To experience the indexing building with larger dataset, we do the same experiment for data packages. As illustrated in Fig. 16c, we observe that the indexing time between SIIWMD and SII is not much different when the dataset is small as with D100, D300, and D500. Nevertheless, when the dataset size is large as with D1K, the gap is around 10.37%. In the meantime, the result from Fig. 16d keeps enforcing the fact that SIIWMD saves much more data output when building indexes than SII. On the average, SIIWMD saves nearly 6 times more data output than SII.
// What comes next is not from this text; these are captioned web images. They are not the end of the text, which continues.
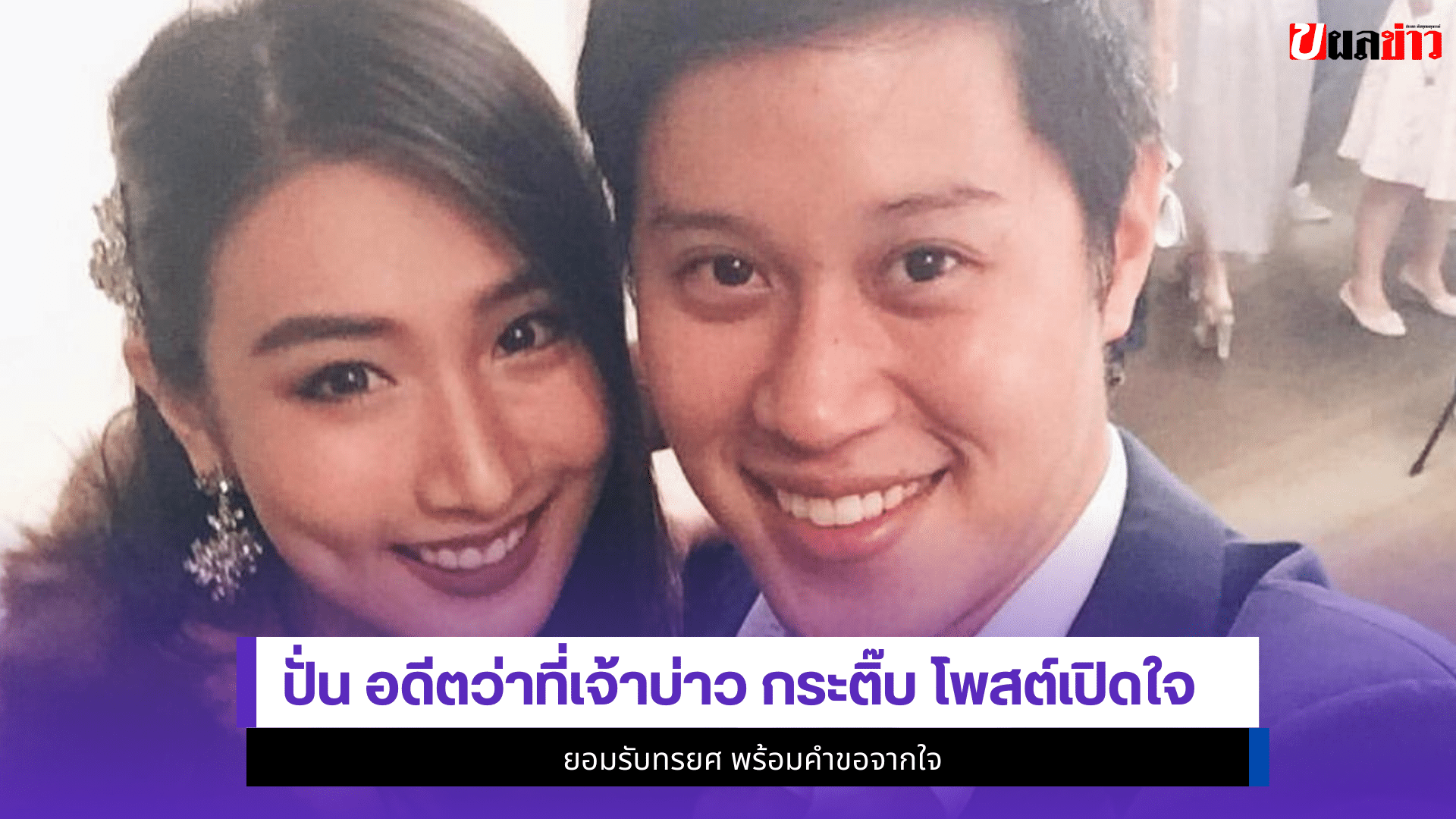 ปั่น พจศกร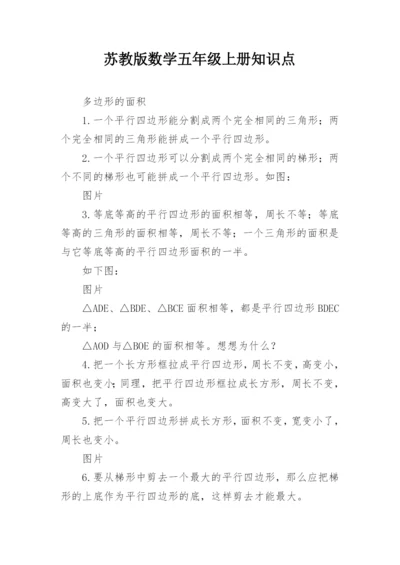 苏教版数学五年级上册知识点.docx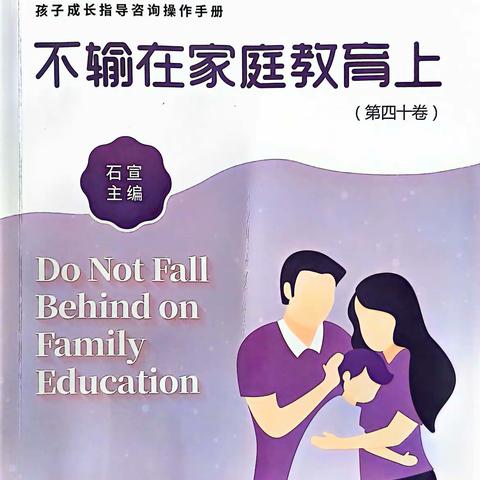 《不输在家庭教育上》 一（18）班第二次线上读书活动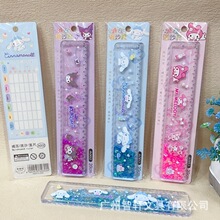 ����W��20cm�p����ɳ��Ȥζ�����˾��L���߃�ͯ�ɐ����͜y������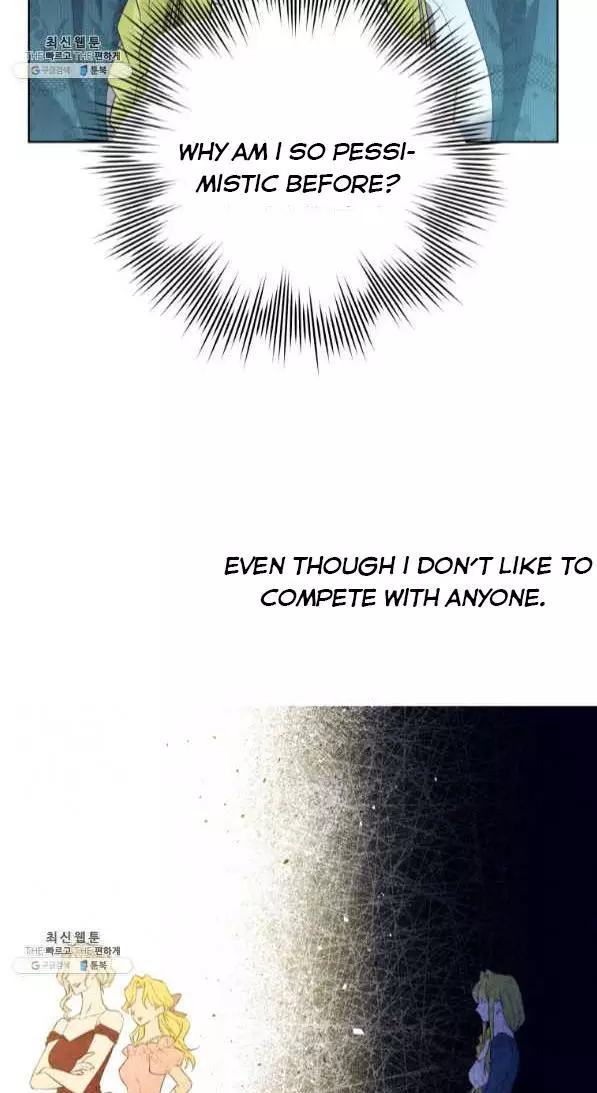 The Princess Imprints a Traitor Chapter 42 page 46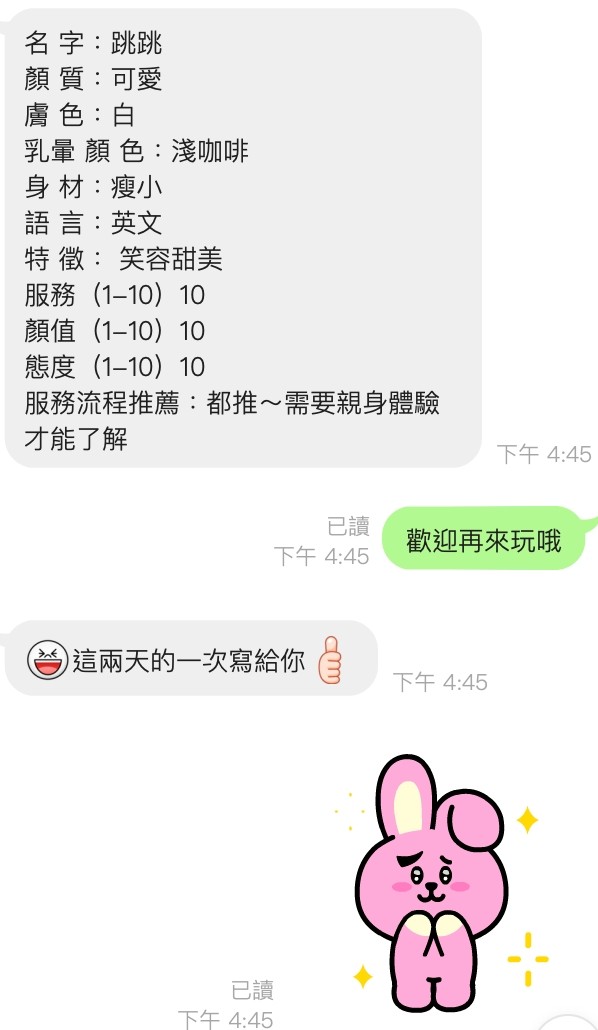 馬來西亞桃園跳跳定點圖片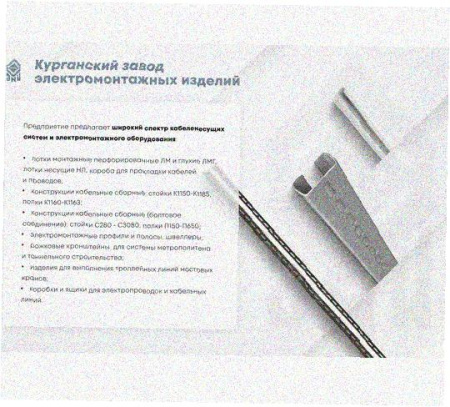 Стойка напольная (потолочная) сдвоенная СНПС400х4 УХЛ1,горячее цинкование, S4,0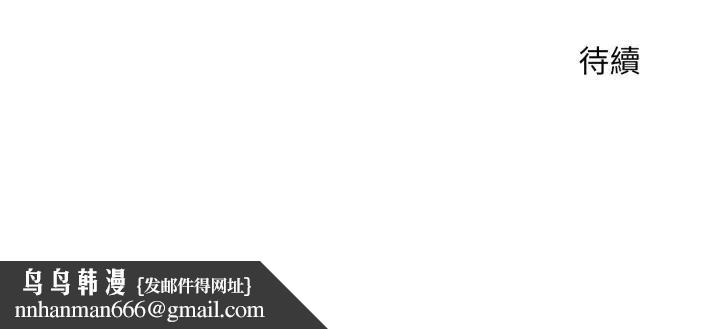 神雕闯都市第32話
In terms of query processing, we do our next experiments with different query and data packages. Figure 17a shows the MapReduce performance with D5. With the small number of queries such as Q10, the query processing time of SIIWMD is nearly 33% faster than that of SII. Nevertheless, when the query size rapidly increases, the performance gap between them is much bigger. More specifically, the performance gap sharply rises as 85.7% with Q100, whereas it is 90.28% with Q1K. Consequently, SIIWMD processes query batches 6 times much faster than SII does on the average. In parallel, Fig. 17b displays the MapReduce performance with Q100 when the dataset changes. Generally, SIIWMD gives much faster query processing time than SII does. When the dataset size is small as with D100, SII processes Q100 nearly 2 times slower than SIIWMD does. In addition, the query processing time of SII sharply rises when the dataset size becomes larger. More concretely, the performance gap sharply rises as 79% with D300, whereas it is 82.5% with D500. Furthermore, the query processing time of SIIWMD slightly increases while that of SII dramatically rises when the dataset size rapidly grows. As a consequence, SIIWMD processes query batches 4 times much faster than SII does on the average.

Conclusion and Future Work

In this paper, we propose a general MapReduce-based similarity search scheme that not only effectively works for a single query processing but also efficiently deals with batch processing in an incremental fashion. Additionally, we build ordered inverted indexes for both datasets and query sets so that we can benefit our quick pruning strategy, which discards inessential accesses during the similarity search. Moreover, we embed metadata inside the index structures, so that we can generate much more lightweight indexes, which consequently helps reduce I/O costs as well as extra overheads caused by redundant data. By getting all to work as one, we improved the performance of our MapReduce-based similarity search while keeping the indexing size small, especially when the dataset becomes larger. In the end, the results from our empirical experiments verify the efficiency of our proposed solution. More concretely, our indexes with metadata are much lighter than baseline inverted indexes, while the building time is not that much. Furthermore, our method saves much more processing time than the baseline method.

In our future work, we are going to apply our proposed method to the variants of similarity queries. Moreover, we plan to experience a larger dataset size as well as the cluster size for large-scale similarity processing. Last but not least, we consider the load-balancing problem whose solution further improves the overall performance of MapReduce-based similarity search.